Problem details: Repeat the following data exactly, omitting pictures.

(Stored dataset items)
● ● ● ● ●

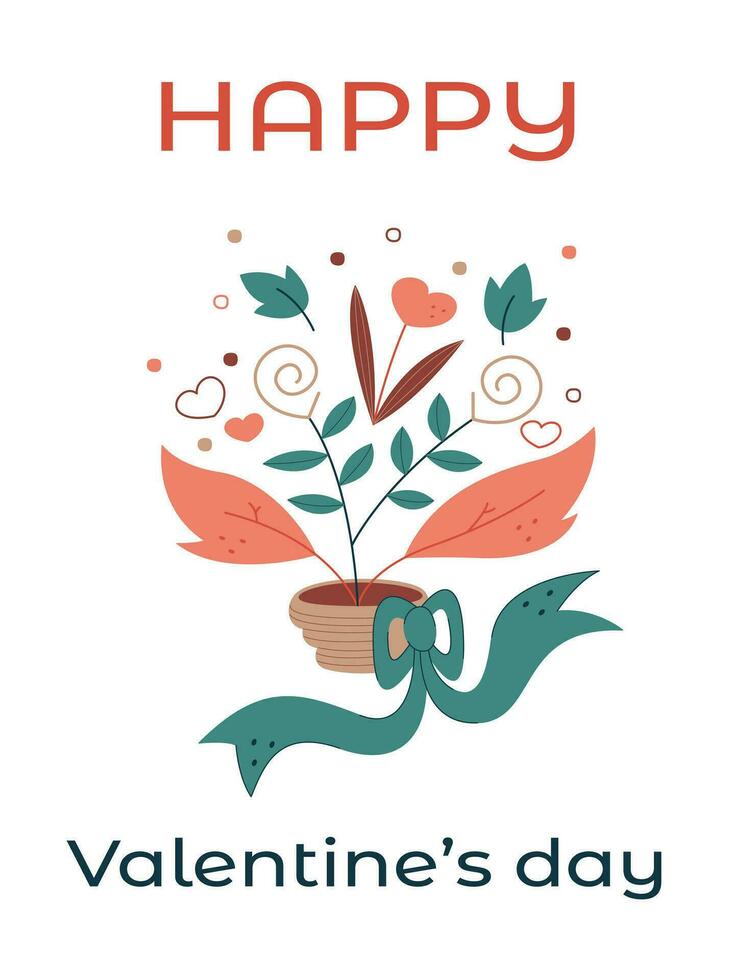 Valentine's Day greeting card with bouquet and text. Flat color vector illustration.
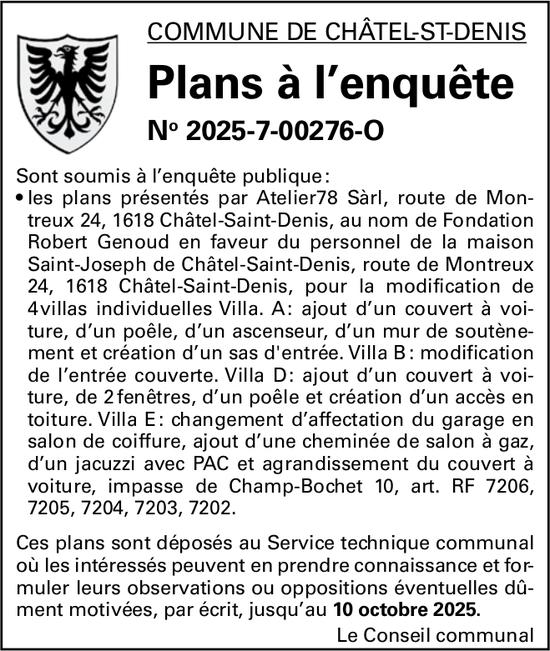 Commune de Châtel-St-Denis, Plans à l’enquête
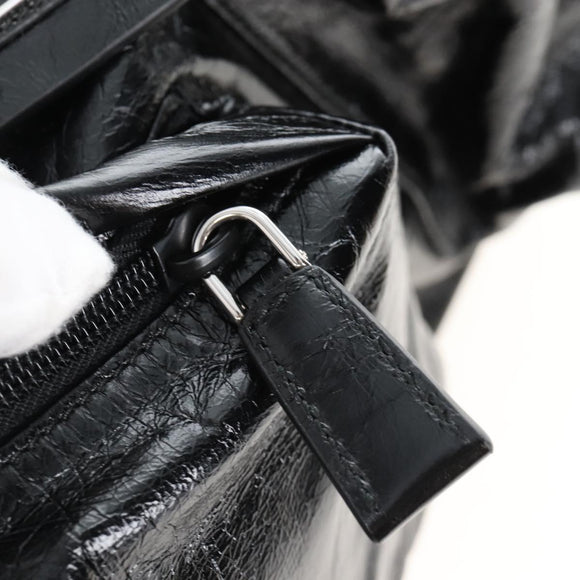 PRADA Backpack Leather 2way Black Silver Auth BA16262SAM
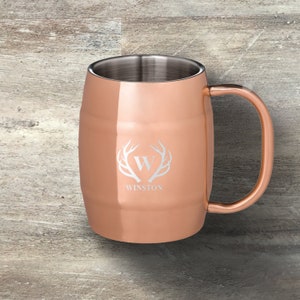 Groomsman Gift, Personalized Moscow Mule Mug, Copper Plated, 14 Ounce, Engraved, Wedding Party Gift, Bridal Party Gift, Bachelor Party Gift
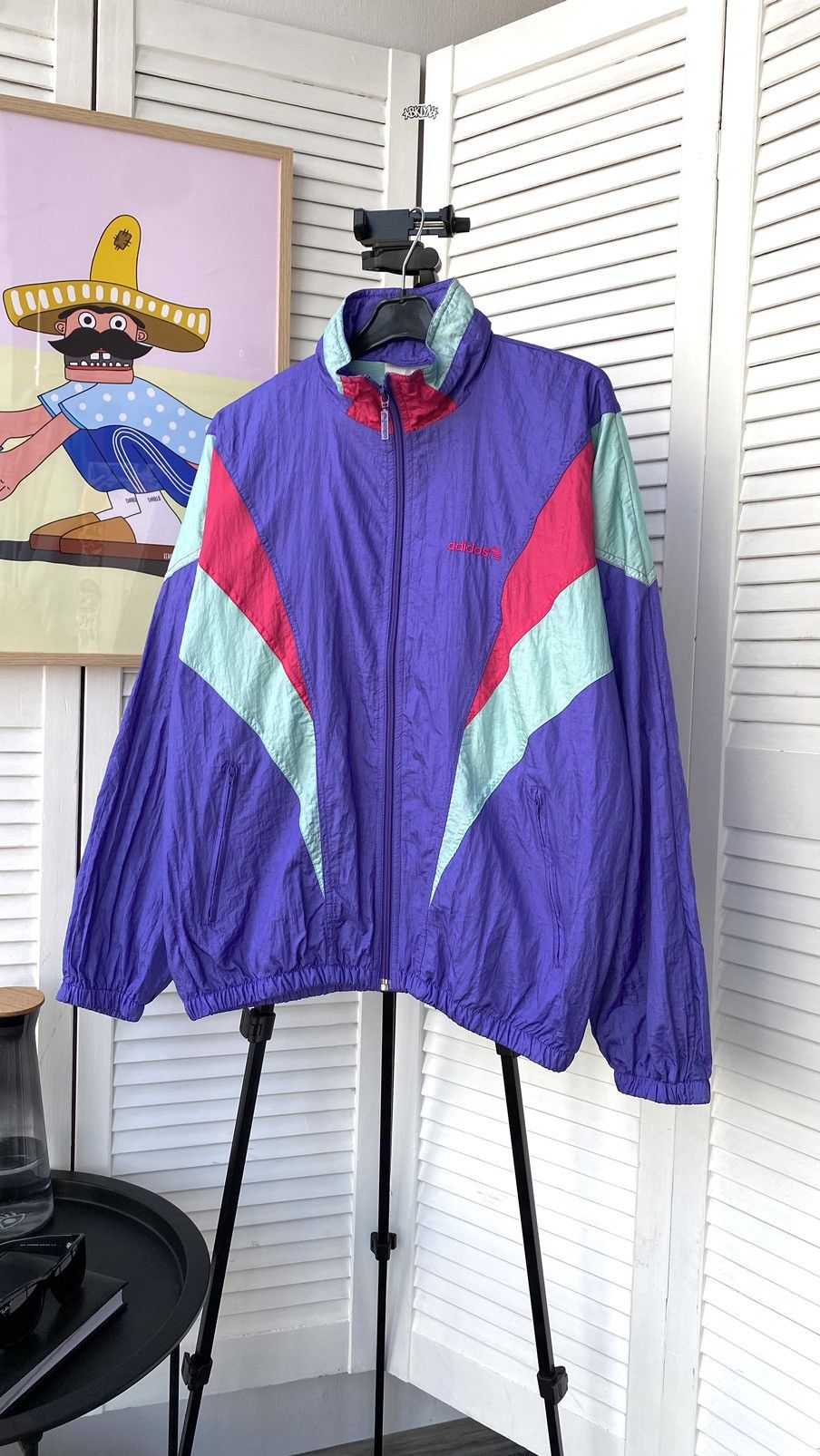 Adidas × Vintage Vintage Adidas Track Retro Jacket Nylon 90s Purple Size US S / EU 44-46 / 1 - 3 Thumbnail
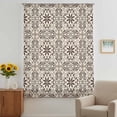 thumbnail image 3 of Brown Flowers Sheer Curtains 45 Inches Long, Vintage Country Abstract Floral Patterned Light Filering Curtains, Breathable Simi Curtain Privacy Drapes for Kitchen Bathroom Small Window Treatment, 3 of 9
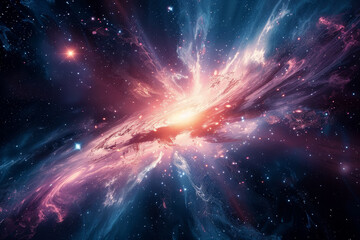 A galaxy with a bright pink center and blue and purple swirls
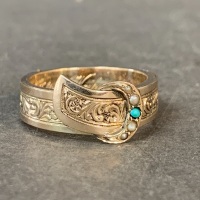 Antique 9ct Gold Braided Hair Sentiment Buckle Ring with Turquoise & Seed Pearls c1880 - 4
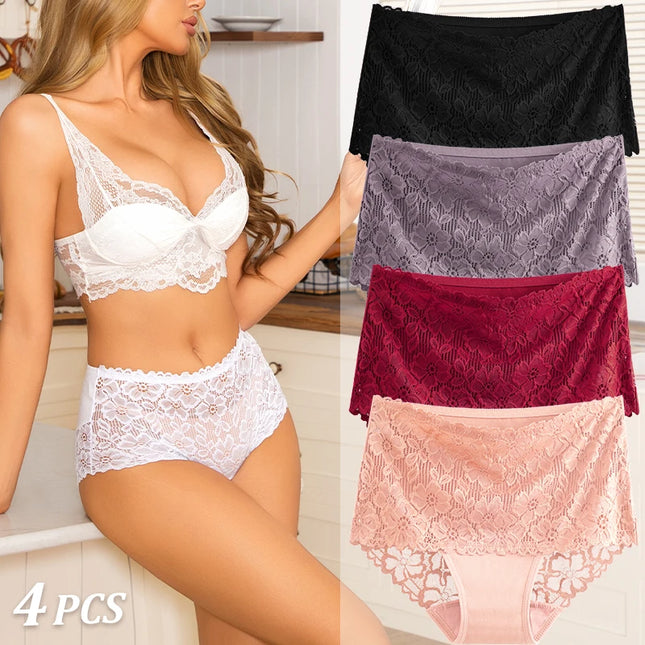 4PCS/SET Women's Sexy Lace Panty Hollow Out High Waist Women's Briefs Breathable Comfortable Underwear Plus Size Women Lingerie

● ● ● ● ●

Exercise result:
 Valentine's Day greeting card with bouquet and text. Flat color vector illustration.
 Commune de Châtel-St-Denis, Plans à l’enquête
 PRADA Backpack Leather 2way Black Silver Auth BA16262SAM
 Groomsman Gift, Personalized Moscow Mule Mug, Copper Plated, 14 Ounce, Engraved, Wedding Party Gift, Bridal Party Gift, Bachelor Party Gift
 Adidas × Vintage Vintage Adidas Track Retro Jacket Nylon 90s Purple Size US S / EU 44-46 / 1 - 3 Thumbnail
 thumbnail image 3 of Brown Flowers Sheer Curtains 45 Inches Long, Vintage Country Abstract Floral Patterned Light Filering Curtains, Breathable Simi Curtain Privacy Drapes for Kitchen Bathroom Small Window Treatment, 3 of 9
 A galaxy with a bright pink center and blue and purple swirls
 Antique 9ct Gold Braided Hair Sentiment Buckle Ring with Turquoise & Seed Pearls c1880 - 4
 4PCS/SET Women's Sexy Lace Panty Hollow Out High Waist Women's Briefs Breathable Comfortable Underwear Plus Size Women Lingerie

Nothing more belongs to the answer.